(Exercise description): Please reproduce the entries below exactly from the line with "Care & Health Concerns" through their last line, leaving out any pictures.
───── Record extracts
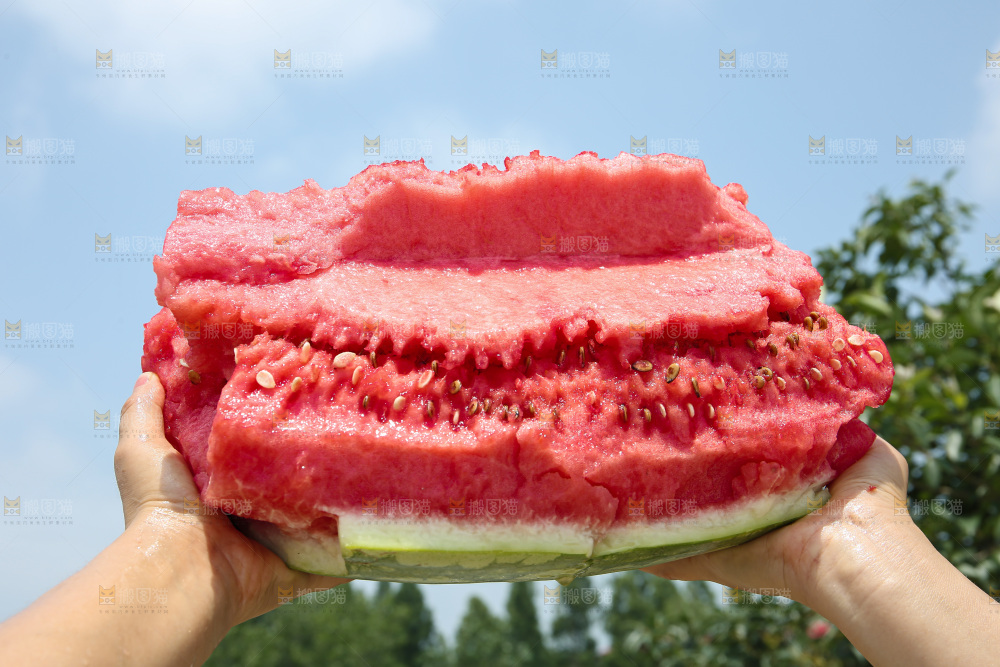 石头瓜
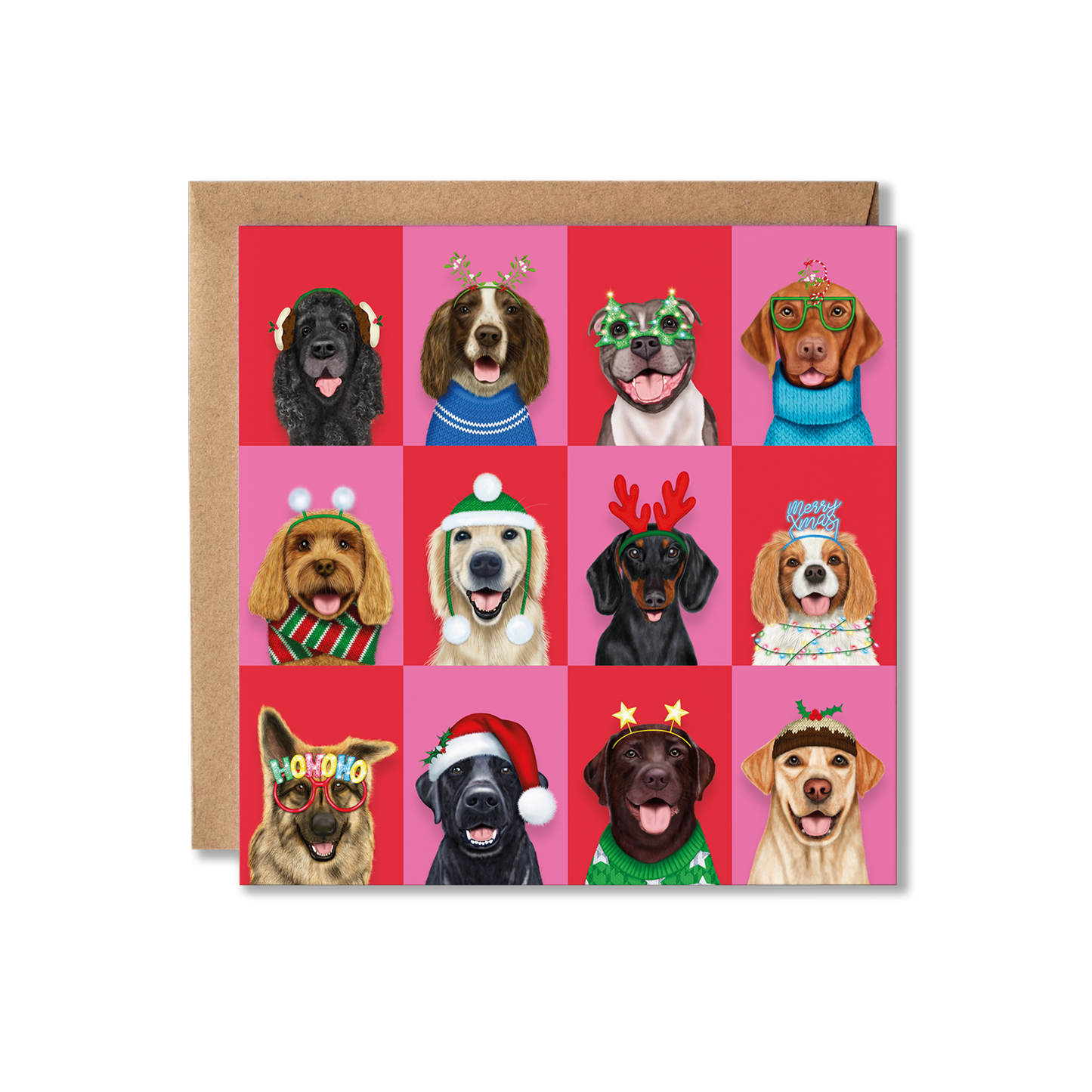 A group of dogs in Christmas attire with a colourful chequered background wishing you a Merry Christmas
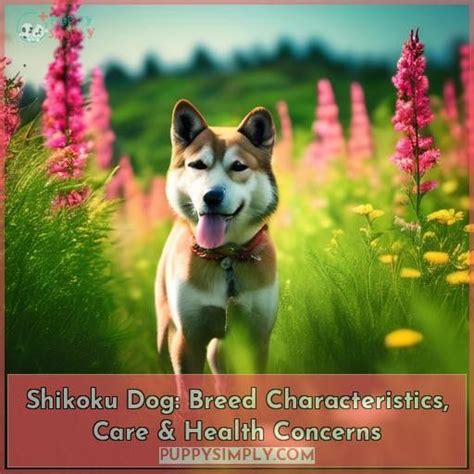 Shikoku Dog: Breed Characteristics, Care & Health Concerns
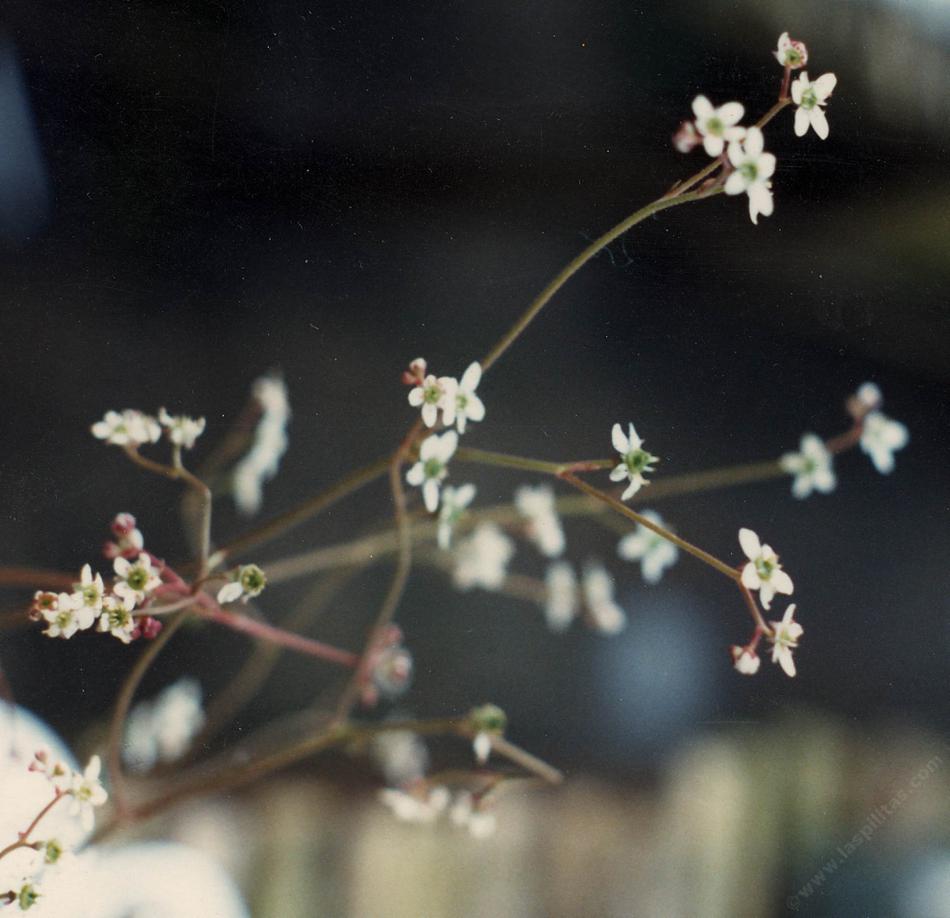Saxifraga californica, California Saxifrage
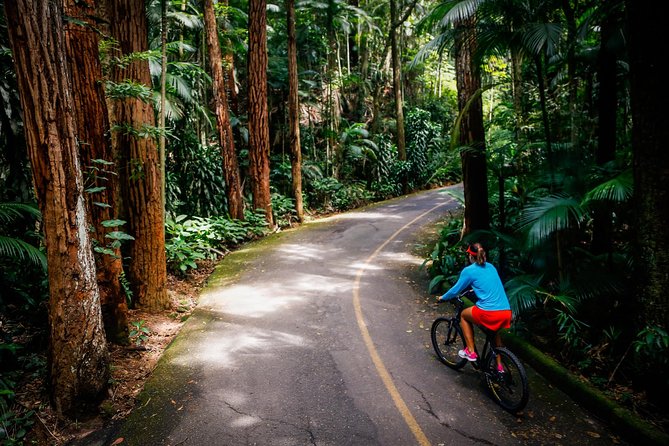 Mountain Bike Tijuca Rain Forest - Exploring the Tijuca Rain Forest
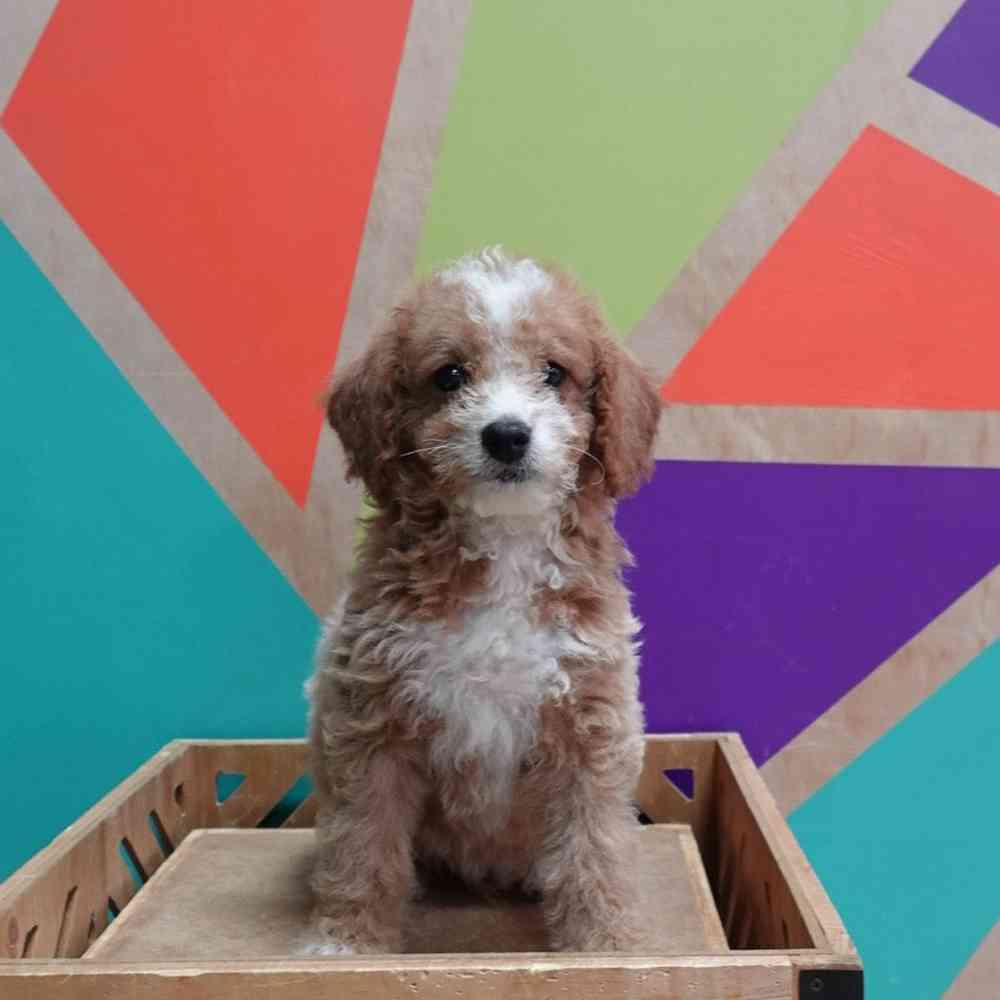 carousel pet images
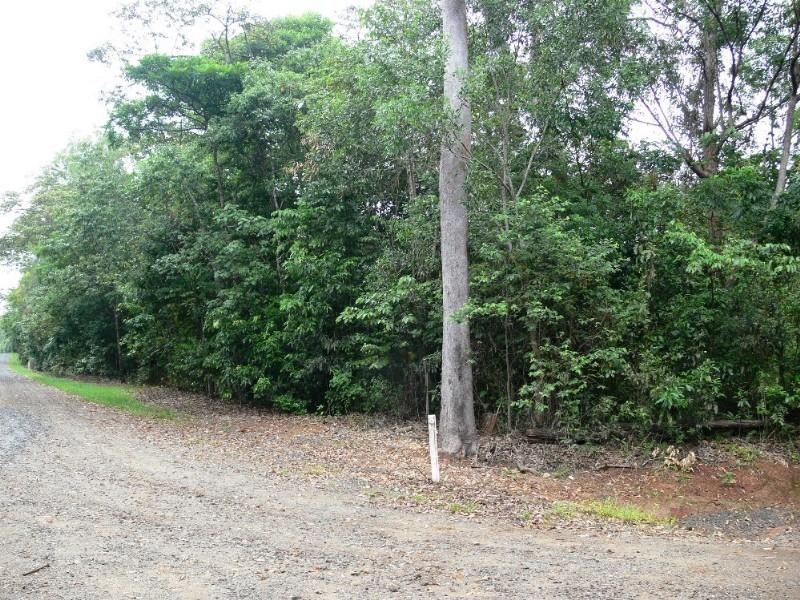 96 Cedar Road, Cow Bay QLD 4873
──────────
(Result of this exercise):
 Shikoku Dog: Breed Characteristics, Care & Health Concerns
Saxifraga californica, California Saxifrage
 Mountain Bike Tijuca Rain Forest - Exploring the Tijuca Rain Forest
 carousel pet images
 96 Cedar Road, Cow Bay QLD 4873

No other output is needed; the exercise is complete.